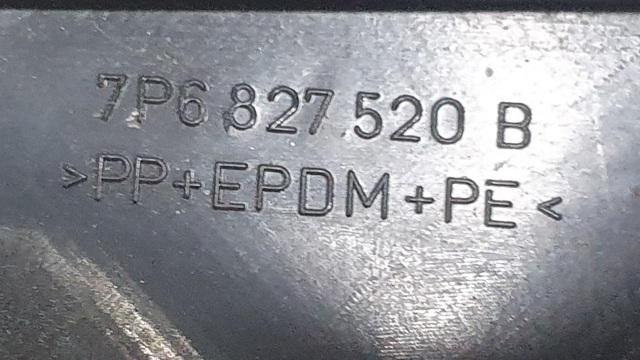 VAG 7P6827520B в наличии Харьков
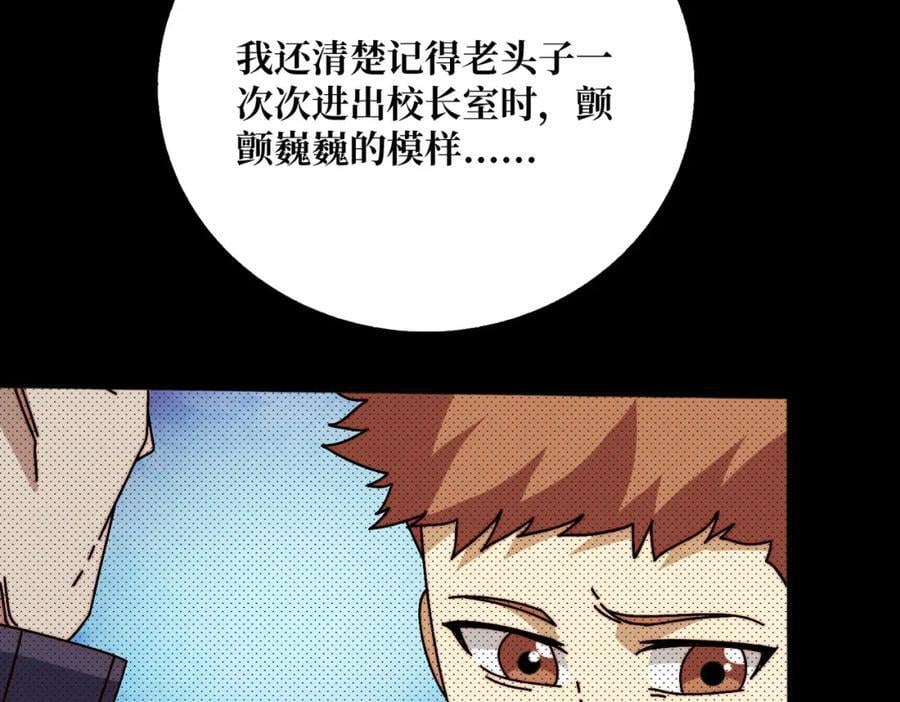 62 雷霆刘拆101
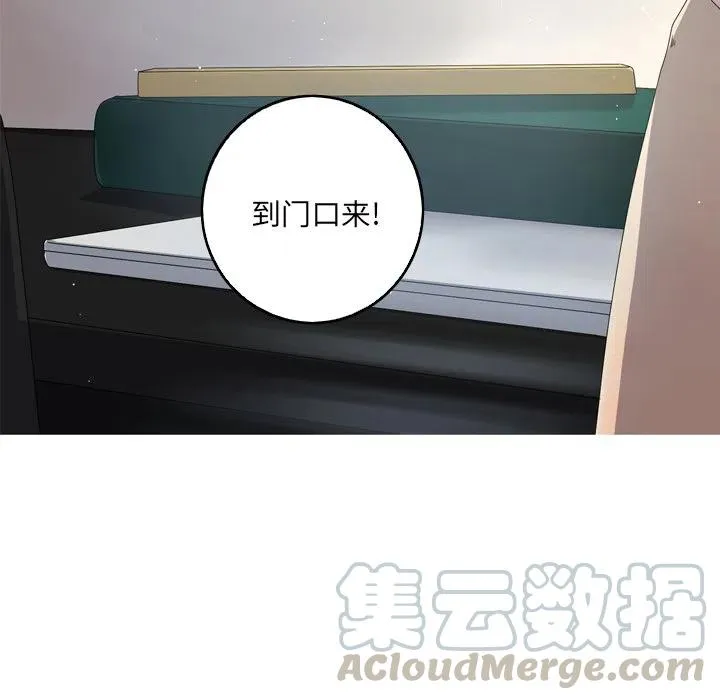 17 第40页
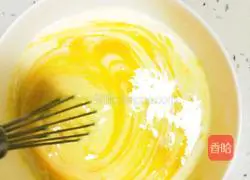 Egg tart recipe illustration 3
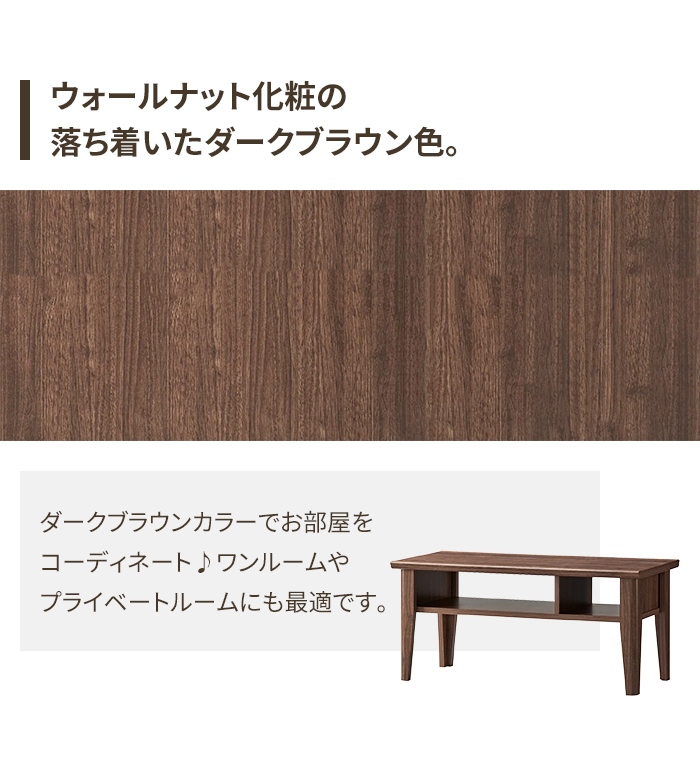 ローテーブル テーブル 木製 リビングテーブル 棚付き センターテーブル シンプル おしゃれ かわいい カフェテーブル 棚｜zakka-gu-plus｜03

→ PROBLEM
Line by line, retype the records above exactly, minus the images.

→ SOLUTION FOR THIS TASK
 VAG 7P6827520B в наличии Харьков
 62 雷霆刘拆101
 17 第40页
 Egg tart recipe illustration 3
 ローテーブル テーブル 木製 リビングテーブル 棚付き センターテーブル シンプル おしゃれ かわいい カフェテーブル 棚｜zakka-gu-plus｜03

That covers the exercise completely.